物質と身体と時間の積層体

sugiex_pstr昨年から毎週月曜日は非常勤でムサビに行っているのだが、昨日(20111121 Mon.)は授業後にMAU M&L(武蔵野美術大学美術館・図書館)にて開催中の「杉浦康平・脈動する本」展(10/21-12/17)を見てきた。杉浦康平は実は神戸芸術工科大学でのうちの奥さんの先生で、授業はいつも曼荼羅の話だったとか(笑)、不可視の格子の演習があったとかっていう話を聞いている。僕は院生時代に建築学科図書館の地下書庫にこもって雑誌をめくってはコピーするという日々を送っていたので、『SD』とか『都市住宅』でもう杉浦デザインが眼に焼き付いているというか、書庫の匂いと一緒に身体に染み付いている気さえする。うちの奥さんは教え子といっても自称落ちこぼれだが、それでも尊敬はしているらしく彼女の好きな『銀花』が本棚に並んでいる。僕の本棚にも『講談社現代新書』はもちろん、鹿島出版会の都市問題シリーズとかSSシリーズとか、あと『エピステーメー』とか杉浦デザインはたくさんあるし、弟子筋の方も含めればたいへんな数になる。日本の現代ブックデザインへの杉浦の影響はとても広く深い。

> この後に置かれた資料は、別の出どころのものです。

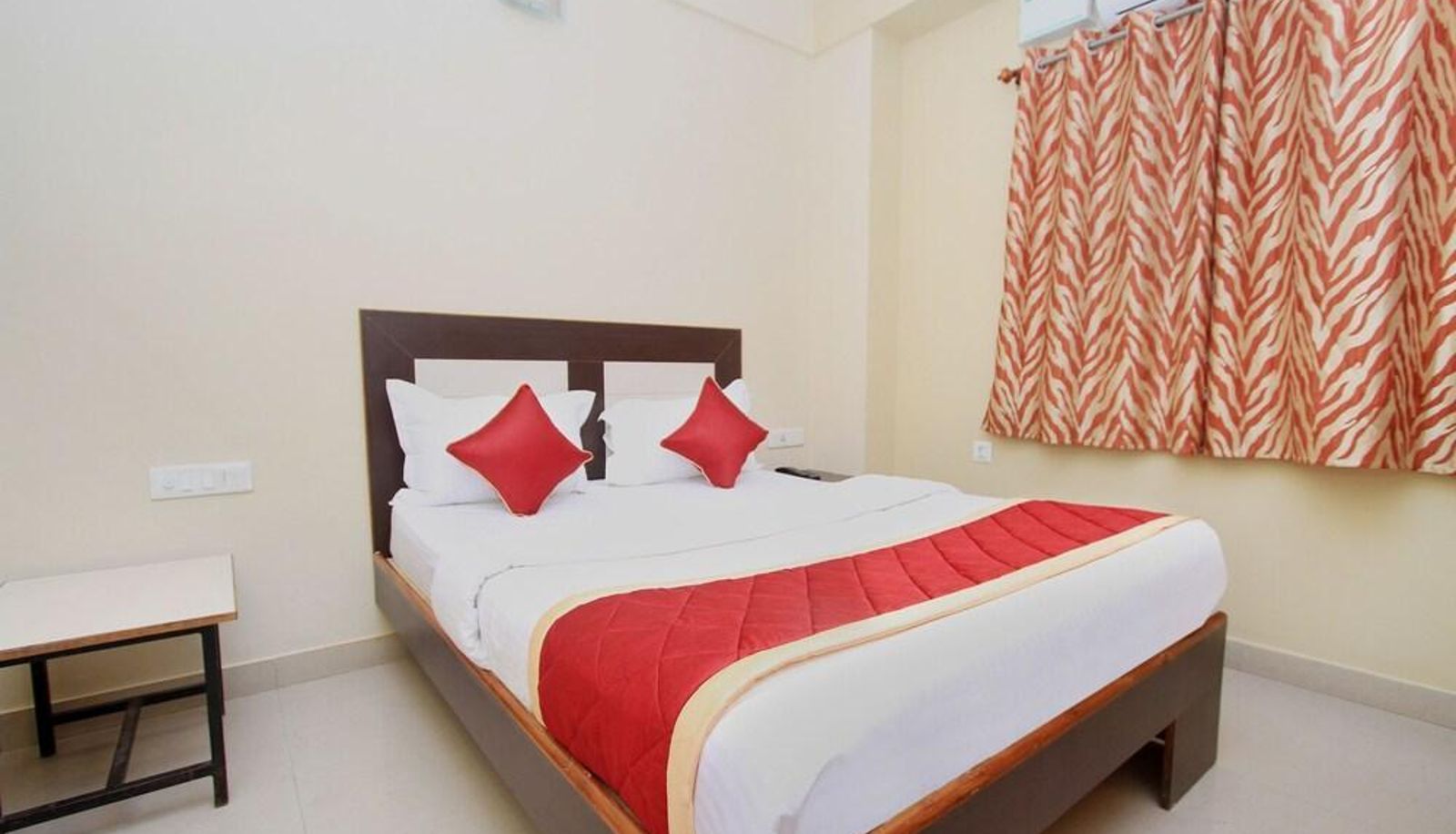 Standard room - OYO 9991 Sai Ram Residency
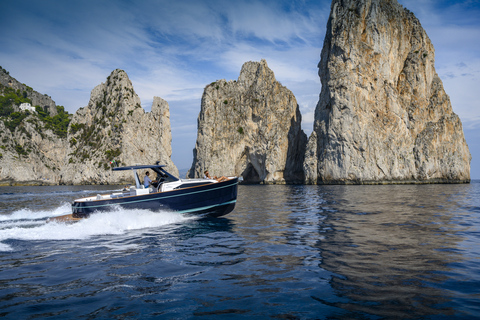 De Positano : excursion privée à Capri sur un bateau Gozzo de 2023Visite privée de Capri depuis Positano by_ NEW Gozzo 35ft | 2023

 展覧会、圧巻でした。本は身体の振る舞いに照応する時間的構造である、本は紙という物質を積み重ねた地層である、本は背で綴じられるという単純な組成をもつ直方体である、故にいくつもの対位法が畳み込まれ、なおかつ再び統合体である、・・・もう杉浦ワールド全開でした。唯一残念だったのは、まさに身体でページを繰るという経験が禁じられていたこと。うーん。でも仕方ないか。
 僕自身は(例の日本列島の時間地図は知っていたものの)平凡社世界大百科の別冊『百科年鑑』(1973〜)に杉浦オリジナル・ダイアグラムが満載であることを最近知り、それが目当てだったのだが、やはりすごかった。世界デザイン会議、ハーバート・バイヤーについては前のエントリでもちょっと書いたが、あのへんからヴィジュアル・コミュニケーションの潮流がはじまっている。ああいうグラフィックを見ていると色々と触発されることも多いし、ネットに疲れた眼にはもう豊穣すぎる。ちょっと集めてみようかなー。